A Hybrid K-Means and 2-opt Metaheuristic for Trajectory Optimization in Dual-Sink WSNs
摘要
A new decentralized data collection technique is proposed for multi-sink wireless sensor networks (WSNs) with the objective of energy and delay reduction. The K-means algorithm which is based on the position of sensors partitions the network into k clusters. The sensor that is the closest to the centroid is voted as the cluster head (CH) in each cluster. Two mobile data collectors (MDCs) are assigned to each other to disseminate the data, one MDC gets the CHs as the other one does.
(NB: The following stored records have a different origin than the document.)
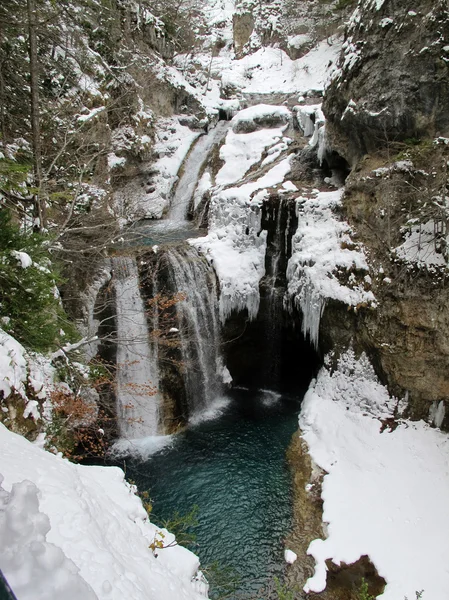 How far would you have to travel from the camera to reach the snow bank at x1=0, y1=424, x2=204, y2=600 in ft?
3.81

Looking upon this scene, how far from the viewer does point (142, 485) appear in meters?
7.83

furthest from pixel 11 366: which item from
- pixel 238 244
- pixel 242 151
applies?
pixel 242 151

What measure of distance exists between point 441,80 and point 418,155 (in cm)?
164

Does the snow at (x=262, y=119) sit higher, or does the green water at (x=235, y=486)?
the snow at (x=262, y=119)

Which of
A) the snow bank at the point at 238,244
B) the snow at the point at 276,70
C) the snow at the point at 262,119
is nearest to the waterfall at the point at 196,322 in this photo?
the snow bank at the point at 238,244

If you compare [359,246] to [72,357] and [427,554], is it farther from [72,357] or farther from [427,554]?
[72,357]

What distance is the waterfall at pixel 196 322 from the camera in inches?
407

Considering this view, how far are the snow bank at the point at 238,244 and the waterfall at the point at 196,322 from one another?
36cm

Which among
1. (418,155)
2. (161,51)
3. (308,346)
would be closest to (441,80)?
(418,155)

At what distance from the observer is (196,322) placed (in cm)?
1051

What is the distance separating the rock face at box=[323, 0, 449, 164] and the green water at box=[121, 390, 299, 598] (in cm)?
784

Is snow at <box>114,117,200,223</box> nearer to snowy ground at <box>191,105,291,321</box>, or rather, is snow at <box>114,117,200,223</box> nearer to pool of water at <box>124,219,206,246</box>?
pool of water at <box>124,219,206,246</box>

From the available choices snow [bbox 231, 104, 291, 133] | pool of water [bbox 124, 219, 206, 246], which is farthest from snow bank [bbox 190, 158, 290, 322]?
snow [bbox 231, 104, 291, 133]

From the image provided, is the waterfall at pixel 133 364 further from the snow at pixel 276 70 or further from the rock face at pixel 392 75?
the snow at pixel 276 70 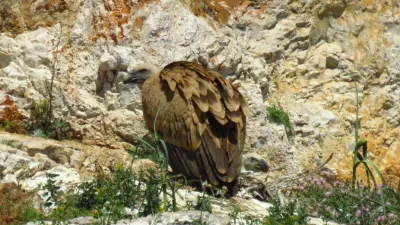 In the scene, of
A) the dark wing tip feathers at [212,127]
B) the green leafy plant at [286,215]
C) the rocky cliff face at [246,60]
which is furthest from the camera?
the rocky cliff face at [246,60]

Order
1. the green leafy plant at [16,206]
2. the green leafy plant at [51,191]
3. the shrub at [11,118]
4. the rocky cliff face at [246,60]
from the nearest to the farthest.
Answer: the green leafy plant at [16,206]
the green leafy plant at [51,191]
the shrub at [11,118]
the rocky cliff face at [246,60]

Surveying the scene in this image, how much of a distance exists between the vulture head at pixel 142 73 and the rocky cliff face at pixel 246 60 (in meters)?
0.34

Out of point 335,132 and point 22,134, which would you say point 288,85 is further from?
point 22,134

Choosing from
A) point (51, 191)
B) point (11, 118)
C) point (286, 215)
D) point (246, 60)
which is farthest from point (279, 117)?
point (51, 191)

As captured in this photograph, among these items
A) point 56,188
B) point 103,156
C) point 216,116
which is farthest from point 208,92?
point 56,188

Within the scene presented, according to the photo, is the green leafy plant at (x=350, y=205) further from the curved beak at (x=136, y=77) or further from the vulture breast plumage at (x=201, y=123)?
the curved beak at (x=136, y=77)

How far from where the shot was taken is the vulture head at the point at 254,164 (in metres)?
11.2

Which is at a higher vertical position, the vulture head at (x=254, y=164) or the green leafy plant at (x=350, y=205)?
the vulture head at (x=254, y=164)

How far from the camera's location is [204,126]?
9.98 m

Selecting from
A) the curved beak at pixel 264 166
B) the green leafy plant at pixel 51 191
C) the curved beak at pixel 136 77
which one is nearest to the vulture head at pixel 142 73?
the curved beak at pixel 136 77

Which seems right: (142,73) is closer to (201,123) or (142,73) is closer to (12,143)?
(201,123)

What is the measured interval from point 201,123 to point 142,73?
1.62 m

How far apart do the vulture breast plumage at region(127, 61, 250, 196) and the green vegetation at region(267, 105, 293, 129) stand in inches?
77.2

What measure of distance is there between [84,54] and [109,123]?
940 mm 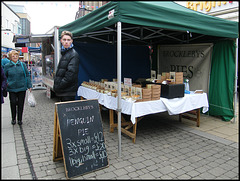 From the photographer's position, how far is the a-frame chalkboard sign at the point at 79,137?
2963mm

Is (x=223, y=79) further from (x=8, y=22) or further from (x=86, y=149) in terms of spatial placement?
(x=8, y=22)

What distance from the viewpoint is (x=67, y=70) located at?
3.81 m

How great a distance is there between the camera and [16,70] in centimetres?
495

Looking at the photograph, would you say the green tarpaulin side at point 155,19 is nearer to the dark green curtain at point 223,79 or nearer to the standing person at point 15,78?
the dark green curtain at point 223,79

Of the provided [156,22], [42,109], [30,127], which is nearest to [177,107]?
[156,22]

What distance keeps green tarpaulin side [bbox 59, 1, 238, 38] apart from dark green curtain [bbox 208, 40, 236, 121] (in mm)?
479

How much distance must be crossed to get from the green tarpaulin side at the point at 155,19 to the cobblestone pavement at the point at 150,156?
2190mm

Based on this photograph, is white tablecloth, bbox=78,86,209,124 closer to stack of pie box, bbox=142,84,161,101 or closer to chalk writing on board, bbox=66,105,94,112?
stack of pie box, bbox=142,84,161,101

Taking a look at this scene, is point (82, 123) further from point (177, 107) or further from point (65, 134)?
point (177, 107)

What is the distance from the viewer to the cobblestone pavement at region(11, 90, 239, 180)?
9.97 ft

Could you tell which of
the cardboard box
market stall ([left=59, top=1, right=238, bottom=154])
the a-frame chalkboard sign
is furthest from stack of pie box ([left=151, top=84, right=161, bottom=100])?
the a-frame chalkboard sign

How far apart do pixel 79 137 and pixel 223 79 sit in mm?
4291

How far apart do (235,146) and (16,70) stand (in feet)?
15.9

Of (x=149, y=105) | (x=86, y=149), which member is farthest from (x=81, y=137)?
(x=149, y=105) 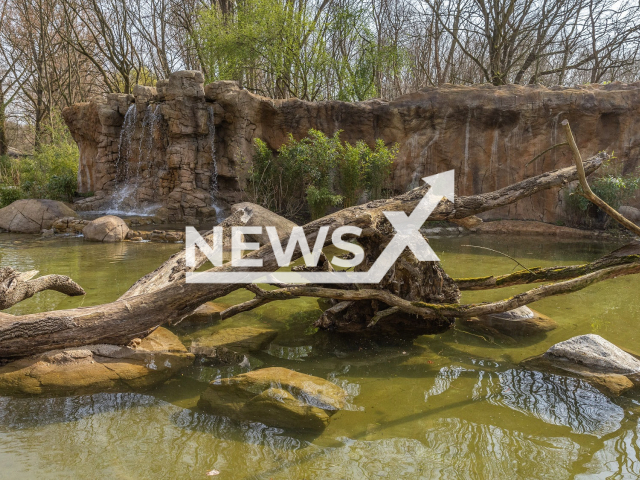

The MDCs determine the route from their designated CHs with the help of a nearest neighbour heuristic and then each tour is improved with 2-opt local optimization (a simple TSP improvement) to minimize the total distance. NS-3 simulations allowed us to set up 100 static sensors (in a 100 × 100 m area) and two MDCs (with constant velocity mobility). Compared to the single-sink baselines, our experiments indicate that the two-sink approach with optimized tours has a pronounced effect in terms of reducing the end-to-end delay and total energy consumption. The average data collection delay, network energy expenditure, and MDC tour lengths are reported, showcasing the effectiveness of centroid-based clustering and 2-opt optimization in load balancing and network lifetime prolongation.